■ Data for the task ■
^^^^
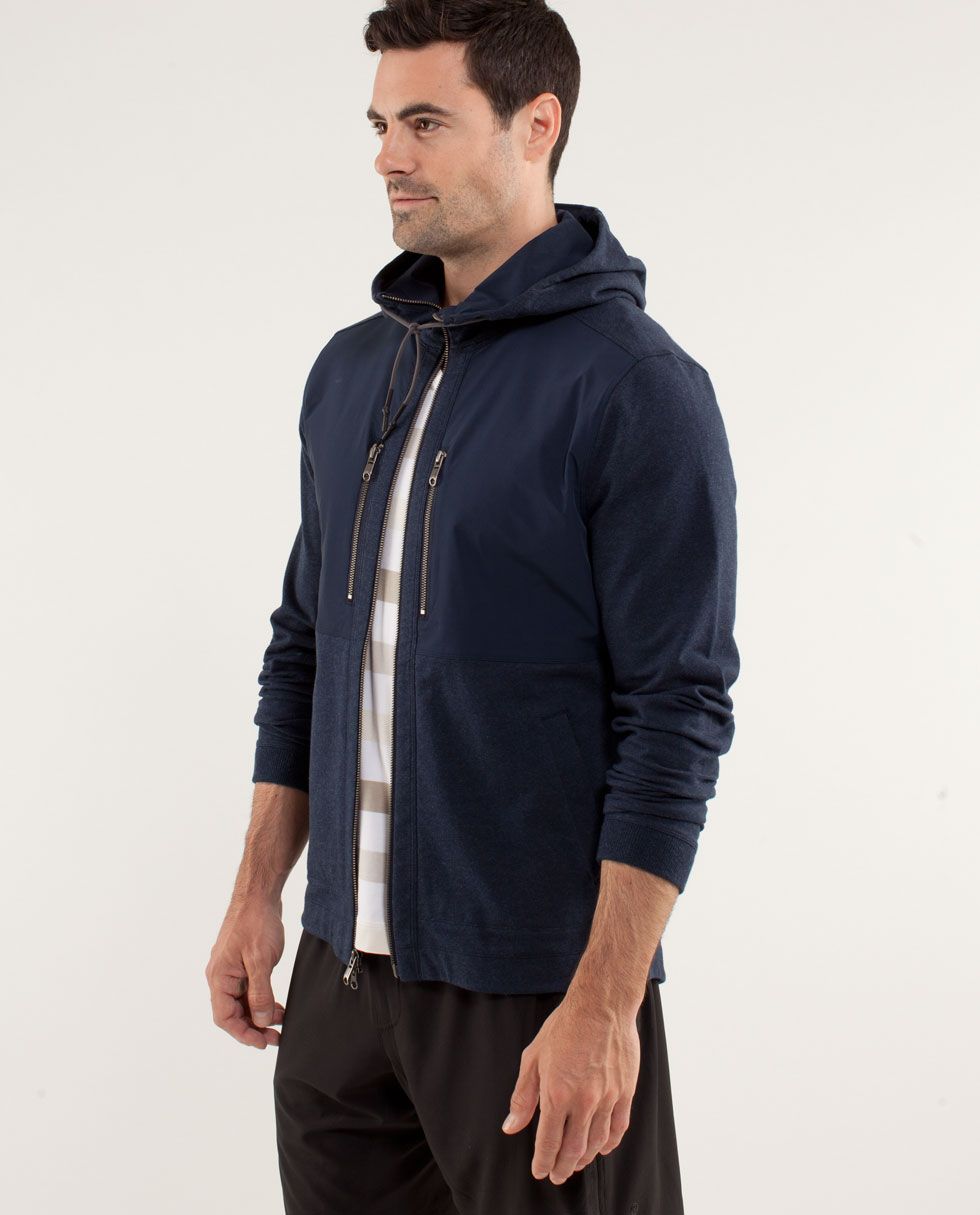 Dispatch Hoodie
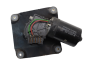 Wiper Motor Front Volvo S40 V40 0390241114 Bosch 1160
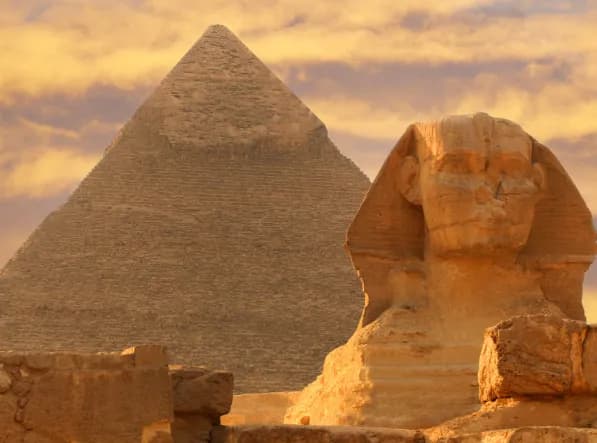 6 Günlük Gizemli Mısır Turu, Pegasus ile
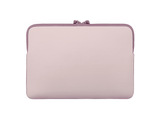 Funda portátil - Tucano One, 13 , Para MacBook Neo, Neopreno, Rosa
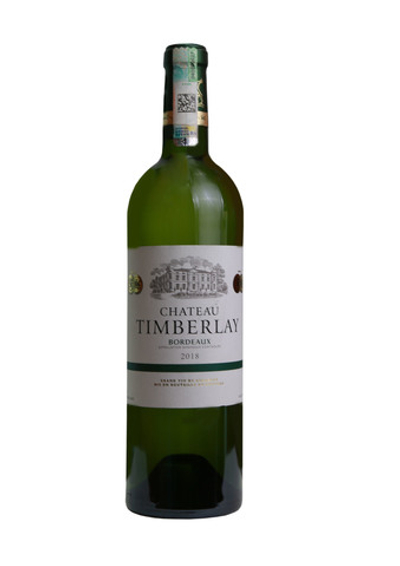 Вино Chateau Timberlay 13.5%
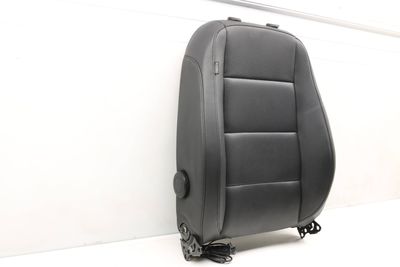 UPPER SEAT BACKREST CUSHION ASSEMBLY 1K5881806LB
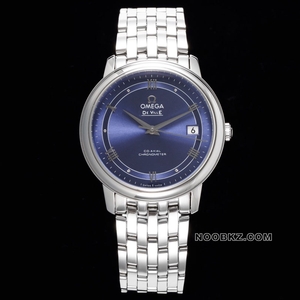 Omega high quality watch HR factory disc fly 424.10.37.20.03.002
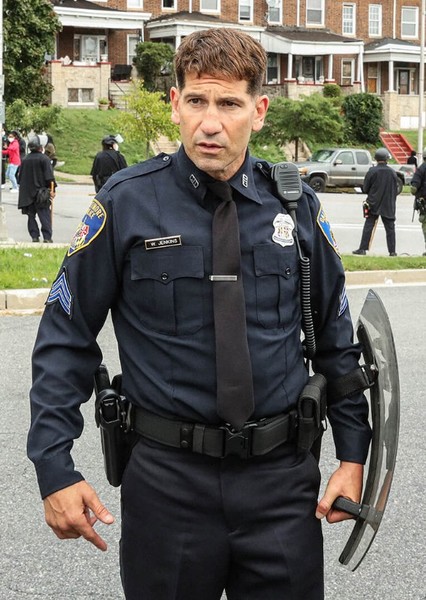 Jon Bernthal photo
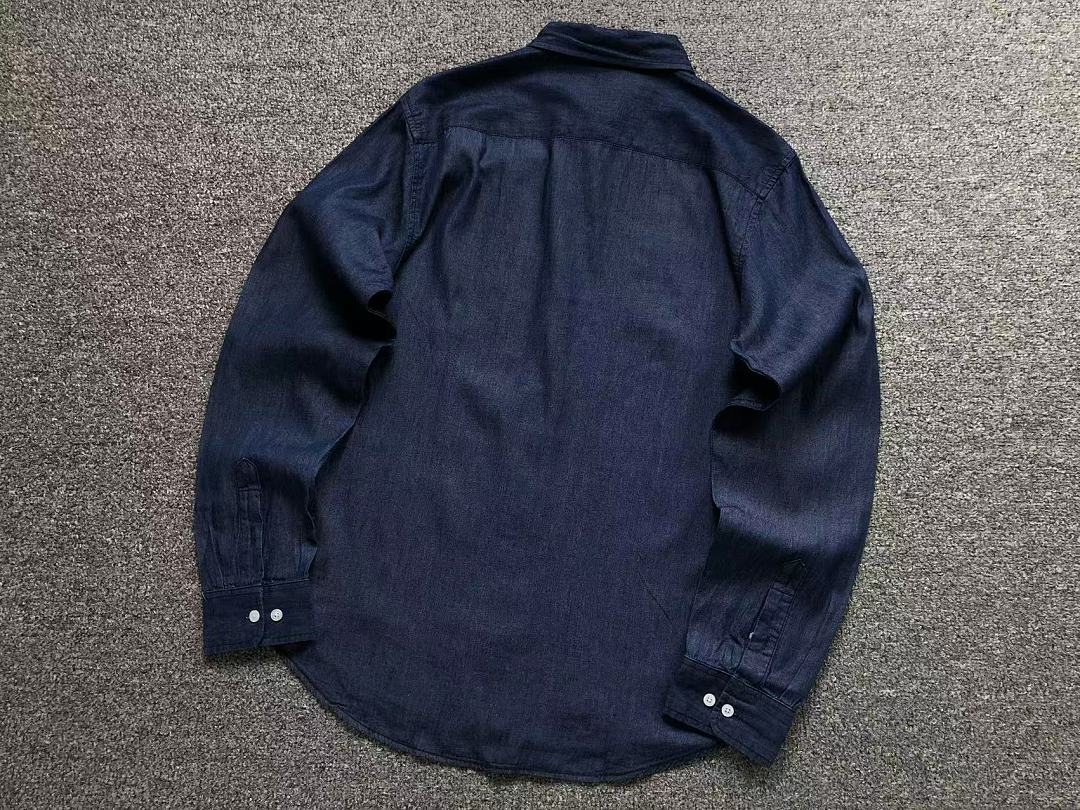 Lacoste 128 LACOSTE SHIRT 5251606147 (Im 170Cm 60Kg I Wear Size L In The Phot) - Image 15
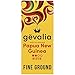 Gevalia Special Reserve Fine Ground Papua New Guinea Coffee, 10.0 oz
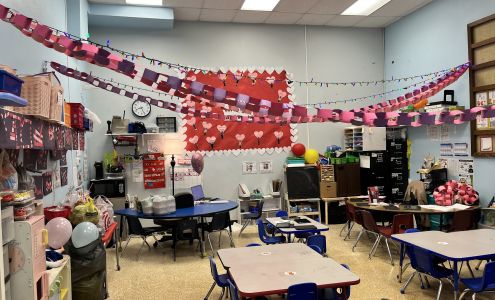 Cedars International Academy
^^^^
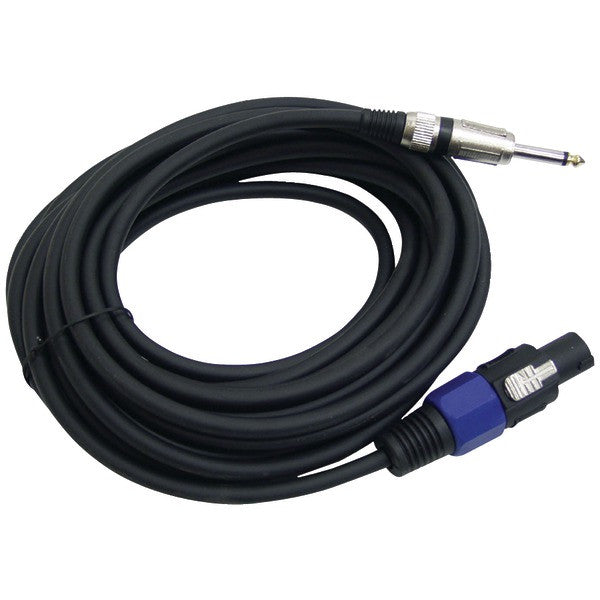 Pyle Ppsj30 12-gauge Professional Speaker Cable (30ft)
^^^^
■ Task item ■
Leaving out each picture, repeat exactly the lines above from the one that contains "UPPER SEAT BACKREST" through the one that contains "Cedars International Academy".

■ Reply ■
 UPPER SEAT BACKREST CUSHION ASSEMBLY 1K5881806LB
 Omega high quality watch HR factory disc fly 424.10.37.20.03.002
 Jon Bernthal photo
 Lacoste 128 LACOSTE SHIRT 5251606147 (Im 170Cm 60Kg I Wear Size L In The Phot) - Image 15
 Gevalia Special Reserve Fine Ground Papua New Guinea Coffee, 10.0 oz
 Cedars International Academy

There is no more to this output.